俺はホワイトボードを軽く叩いて注目を集める。
「聞こう。いつから武器を変えてはならないと錯覚していた?」
議論を最初期に後退させる俺の発言に、ミツキを除く全員が眉を寄せる。
俺はさらに続けた。
「そもそも、タリ・カラさんがシャムシール以外の武器を扱えない事に先の錯覚は端を発しているわけだ。では、タリ・カラさんがシャムシール以外の武器を同時に使用できるようにするのも一つの手だとは思わないか?」
新しい切り口を用意すると、二つの開拓団の整備士たちはすぐに思考を切り替えたようだ。
しかし、すぐに青羽根の整備士長が首を横に振る。
「シャムシールは通常武装として残して、対タラスク用の武器を別途用意して持ち変えるって事だろ? それは現実的じゃないだろ」
「惜しい。シャムシール以外の武器を扱えない事も解消する必要がある」
「ますます実現から遠のいてるじゃねぇか」
突っ込みを入れながら、整備士長は俺が具体案を口にするのを待っている。
「コトならどうせ、すでに実現までの道筋は立ててあるんだろ。とりあえず話してみてくれ」
俺はホワイトボードをひっくり返し、まっさらな面にペンを走らせる。
「要は、シャムシールと併用できて扱いが容易な武器であればいい。それも、雑に扱っても壊れなければなおのこといい」
そう、壊れなければいい。もしくは、壊れてもいい武器だ。
「そんなもの、一から作るより魔術を使えば早い」
俺はホワイトボードにこれから説明する武器を理解するための理論を書き込む。
ボールドウィンが首を傾げて意見を口にする。
「タラスク相手に並みの魔術は効果が薄いぜ。ロックジャベリンを甲羅の隙間に撃ち込めば効果もあるだろうけど、狙うのが難しい。魔力持ちの個体なら、ロックジャベリンの発動を見てから防御に回って完璧に凌いだりもする」
「既存の魔術は使わない。それに、狙いに関しては俺が開発した照準誘導の魔術で補う」
精霊人機を操作しながらピンポイントで魔術を放つのは難しい。魔術そのものが魔力消費の激しい攻撃手段という事もあり、精霊人機の稼働時間を大幅に縮めるリスクがある。
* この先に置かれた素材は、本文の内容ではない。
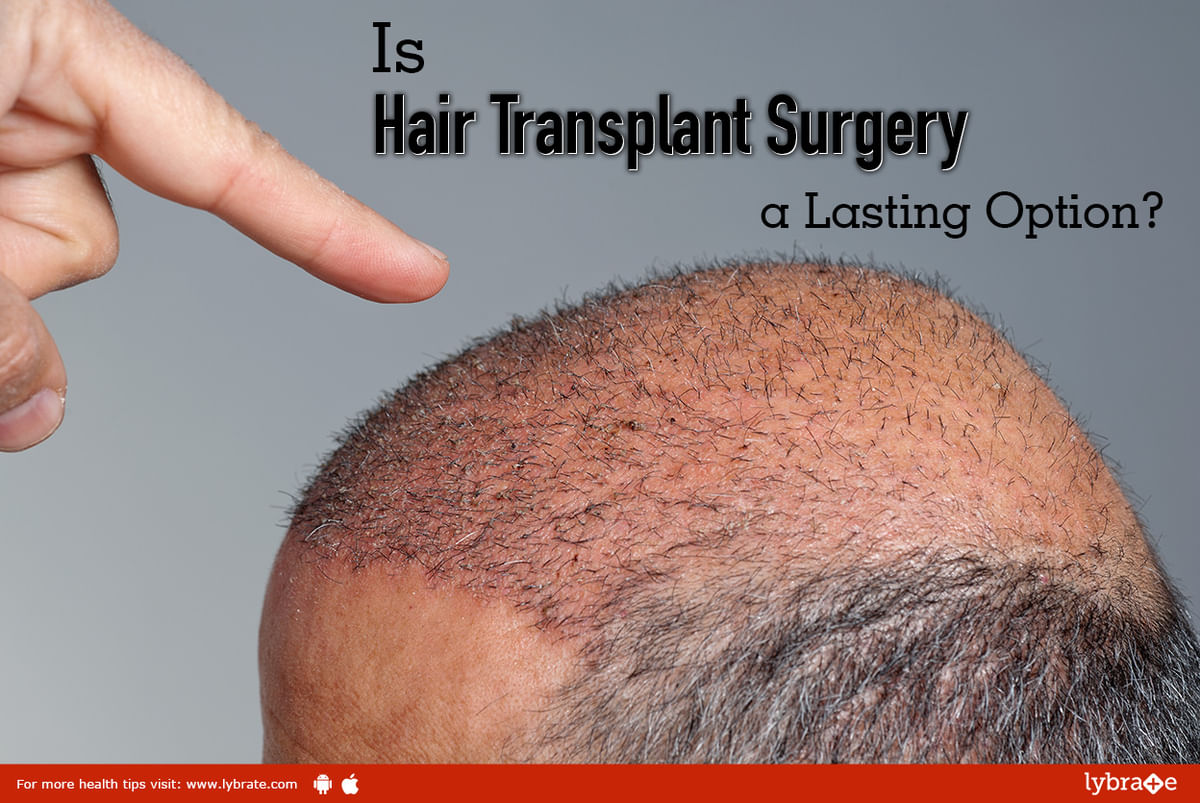 Is Hair Transplant Surgery a Lasting Option? - By Dr. Sandesh Gupta |  Lybrate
どこかの飛蝗が持っているマジックキチガイ機でもない限り、精霊人機の魔術は武器を破壊された際に、その場から離脱するために牽制として使用するのが一般的だ。
精霊人機が相手にする大型魔物に有効打を与える攻撃力を魔術に求めると、自然と巨大化する傾向にあるため、これは仕方ない事だともいえる。
ベイジルが扱うアーチェは弓を別に用意する事でロックジャベリンを撃ちだして魔力消費量を減らす工夫がなされている。
「だが、武器の威力は大きさや重量だけで決まるわけじゃない。速度だって極めれば十分な攻撃力になる」
そんなわけで。
「せっかく人型なんだから、血管とか欲しくないか?」
俺はスラスターの未使用配管を横目に、月の袖引くに武器を提案した。